Memorial Day (Monday, May 30) and the official start of the East End’s busy summer season is around the corner, so now’s the time to take advantage of all the special things that will be nonexistent or difficult to enjoy in the Hamptons once the crowds arrive from points west.
We continue our countdown of 20 things to do before Memorial Day in the Hamptons (or North Fork) with:
#6: Go for a Hike
The Hamptons may be deemed as the paradisiacal beach resort of gourmet eateries and marinas by the visiting eastbound city dwellers, but for many, the East End is home to some of the most scenic and gorgeous natural areas New York has to offer, steeped in history, natural wildlife and fauna.
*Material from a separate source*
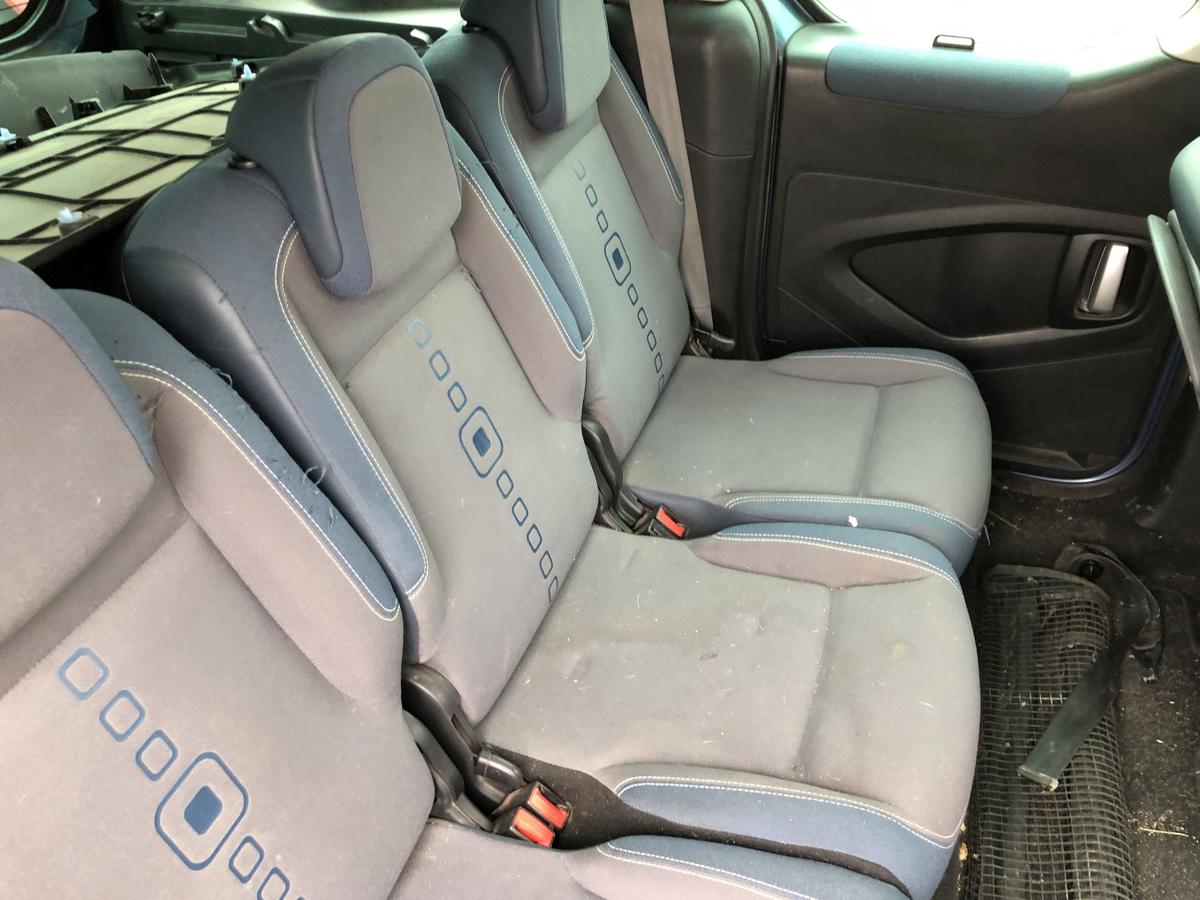 Citroen Berlingo B9 Multispace Einzelsitz hinten mitte Stoff R&uuml;cksitz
Natives also know of the noise pollution the area succumbs to in the summer season. How else can you experience the natural beauty of our East End with the calming white noise of distant crashing waves and crunching leaves than by taking a long, peaceful hike?
Lucky for us, the East End has several nature preserves and hiking trails for us to enjoy! So take advantage of it while you can! Here are some of our recommendations:
Stretching from Rocky Point to Montauk at 125 miles long, Paumanok Path is one of the most exciting hiking trail on Long Island, covering the various natural habitats and locations of the island. The trail was inspired by Stephen Talkhouse, a Montaukett Indian known for his 25-30 mile hikes, but that doesn’t mean you have to hike the whole length—the trail has several stations where one can hop on or hop off.
The Elizabeth A. Morton Wildlife Refuge in Sag Harbor is a 187-acre nature preserve that hosts a hiking trail that traverse through dense forests to rocky beaches. Though the best part of the refuge are its friendly winged residents, eager to eat out of the palm of your hand.
Camp Hero State Park—located at the tip of Montauk, Camp Hero is a hiking destination shrouded in an eerie history. Once an army base, now defunct, the park is known for the numerous legends of top secret military tests executed there, spanning from time travel to mind control. Despite the spooky nature of the park, the actual nature of the park is one to behold, hosting beaches great for fishing and fields of tall grass that surround the deserted structures of the park.
Quogue Wildlife Refuge is host to several diverse natural habitats of forests and ponds that stretch across its 300 acres, with seven miles of hiking trails on premises. The refuge also has an outdoor wildlife complex which houses several permanently injured animals, from several types of owls to tortoises. Say hi to the bobcat for us!